■ **Data block**
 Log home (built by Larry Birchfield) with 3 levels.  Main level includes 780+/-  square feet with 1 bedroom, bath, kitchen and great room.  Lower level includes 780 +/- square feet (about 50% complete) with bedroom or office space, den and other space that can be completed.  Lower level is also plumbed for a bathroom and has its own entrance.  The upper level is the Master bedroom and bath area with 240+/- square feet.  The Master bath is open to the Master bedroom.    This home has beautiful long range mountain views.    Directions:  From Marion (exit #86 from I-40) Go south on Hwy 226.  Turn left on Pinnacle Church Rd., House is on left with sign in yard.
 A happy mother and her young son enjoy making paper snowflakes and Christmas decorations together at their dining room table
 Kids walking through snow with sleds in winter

■ **Task description**
Restate the listing above in full, exactly.

■ **Exercise output**
 Log home (built by Larry Birchfield) with 3 levels.  Main level includes 780+/-  square feet with 1 bedroom, bath, kitchen and great room.  Lower level includes 780 +/- square feet (about 50% complete) with bedroom or office space, den and other space that can be completed.  Lower level is also plumbed for a bathroom and has its own entrance.  The upper level is the Master bedroom and bath area with 240+/- square feet.  The Master bath is open to the Master bedroom.    This home has beautiful long range mountain views.    Directions:  From Marion (exit #86 from I-40) Go south on Hwy 226.  Turn left on Pinnacle Church Rd., House is on left with sign in yard.
 A happy mother and her young son enjoy making paper snowflakes and Christmas decorations together at their dining room table
 Kids walking through snow with sleds in winter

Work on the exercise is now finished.